■ **Problem to solve**
Take the entries below and print, exactly, the stretch from the line containing "7013 Lilly Lane — photo" through the line containing "136���� ������5�� 3.8���Ű������ῨͼƬ", both included.
*** Dataset entries Section Begins ***
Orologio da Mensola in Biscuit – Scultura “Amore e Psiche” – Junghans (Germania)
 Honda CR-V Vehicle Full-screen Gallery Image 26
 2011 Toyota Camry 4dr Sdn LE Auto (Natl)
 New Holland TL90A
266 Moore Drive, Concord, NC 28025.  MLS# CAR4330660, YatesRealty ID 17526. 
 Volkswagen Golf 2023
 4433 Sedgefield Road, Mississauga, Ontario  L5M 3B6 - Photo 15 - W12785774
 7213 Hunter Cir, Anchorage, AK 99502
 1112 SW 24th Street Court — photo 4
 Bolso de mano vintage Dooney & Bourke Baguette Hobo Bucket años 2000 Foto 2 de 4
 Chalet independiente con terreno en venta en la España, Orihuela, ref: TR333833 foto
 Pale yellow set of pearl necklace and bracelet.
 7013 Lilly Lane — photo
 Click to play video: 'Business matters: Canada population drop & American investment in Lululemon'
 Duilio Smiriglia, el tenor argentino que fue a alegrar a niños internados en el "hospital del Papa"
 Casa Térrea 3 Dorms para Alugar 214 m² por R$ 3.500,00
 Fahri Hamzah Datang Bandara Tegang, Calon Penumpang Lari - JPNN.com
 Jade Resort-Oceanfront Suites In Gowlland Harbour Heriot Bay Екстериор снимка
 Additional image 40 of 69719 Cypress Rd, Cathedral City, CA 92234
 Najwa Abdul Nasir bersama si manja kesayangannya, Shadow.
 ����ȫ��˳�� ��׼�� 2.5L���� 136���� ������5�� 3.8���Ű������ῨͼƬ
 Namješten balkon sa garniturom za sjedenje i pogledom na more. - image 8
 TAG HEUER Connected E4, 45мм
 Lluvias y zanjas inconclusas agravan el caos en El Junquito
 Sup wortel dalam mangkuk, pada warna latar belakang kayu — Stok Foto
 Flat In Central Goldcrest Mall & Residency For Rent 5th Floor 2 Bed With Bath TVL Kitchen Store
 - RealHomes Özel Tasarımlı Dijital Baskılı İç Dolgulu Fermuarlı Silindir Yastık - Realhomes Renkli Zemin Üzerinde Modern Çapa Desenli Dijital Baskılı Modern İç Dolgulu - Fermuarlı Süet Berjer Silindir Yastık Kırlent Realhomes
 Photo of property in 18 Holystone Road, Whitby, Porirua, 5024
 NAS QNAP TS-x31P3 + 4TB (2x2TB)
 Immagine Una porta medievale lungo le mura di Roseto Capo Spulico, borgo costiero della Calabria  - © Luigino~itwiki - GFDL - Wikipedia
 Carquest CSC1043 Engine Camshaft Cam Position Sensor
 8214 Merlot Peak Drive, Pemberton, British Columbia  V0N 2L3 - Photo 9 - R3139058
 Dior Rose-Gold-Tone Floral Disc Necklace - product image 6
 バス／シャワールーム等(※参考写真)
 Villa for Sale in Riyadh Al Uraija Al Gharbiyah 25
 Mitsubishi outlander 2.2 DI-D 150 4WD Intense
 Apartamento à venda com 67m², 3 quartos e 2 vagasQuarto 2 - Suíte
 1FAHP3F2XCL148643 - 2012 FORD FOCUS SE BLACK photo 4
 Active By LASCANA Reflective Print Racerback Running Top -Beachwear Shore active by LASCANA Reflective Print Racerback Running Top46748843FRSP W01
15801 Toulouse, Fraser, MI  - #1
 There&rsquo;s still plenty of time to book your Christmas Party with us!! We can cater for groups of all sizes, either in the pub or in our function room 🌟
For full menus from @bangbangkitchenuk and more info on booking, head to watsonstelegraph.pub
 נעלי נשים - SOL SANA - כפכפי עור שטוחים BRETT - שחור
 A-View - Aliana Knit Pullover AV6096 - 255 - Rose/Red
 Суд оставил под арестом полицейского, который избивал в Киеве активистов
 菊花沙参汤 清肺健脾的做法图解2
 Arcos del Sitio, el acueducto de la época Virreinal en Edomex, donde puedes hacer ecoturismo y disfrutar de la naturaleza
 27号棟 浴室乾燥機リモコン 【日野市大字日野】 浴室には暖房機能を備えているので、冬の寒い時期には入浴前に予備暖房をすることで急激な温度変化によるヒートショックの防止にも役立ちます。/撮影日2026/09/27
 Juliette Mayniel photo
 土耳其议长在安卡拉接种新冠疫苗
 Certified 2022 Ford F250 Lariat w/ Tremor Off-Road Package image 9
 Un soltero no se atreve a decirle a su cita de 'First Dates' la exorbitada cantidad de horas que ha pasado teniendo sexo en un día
*** Dataset entries Section Ends ***
■ **Answer space**
 7013 Lilly Lane — photo
 Click to play video: 'Business matters: Canada population drop & American investment in Lululemon'
 Duilio Smiriglia, el tenor argentino que fue a alegrar a niños internados en el "hospital del Papa"
 Casa Térrea 3 Dorms para Alugar 214 m² por R$ 3.500,00
 Fahri Hamzah Datang Bandara Tegang, Calon Penumpang Lari - JPNN.com
 Jade Resort-Oceanfront Suites In Gowlland Harbour Heriot Bay Екстериор снимка
 Additional image 40 of 69719 Cypress Rd, Cathedral City, CA 92234
 Najwa Abdul Nasir bersama si manja kesayangannya, Shadow.
 ����ȫ��˳�� ��׼�� 2.5L���� 136���� ������5�� 3.8���Ű������ῨͼƬ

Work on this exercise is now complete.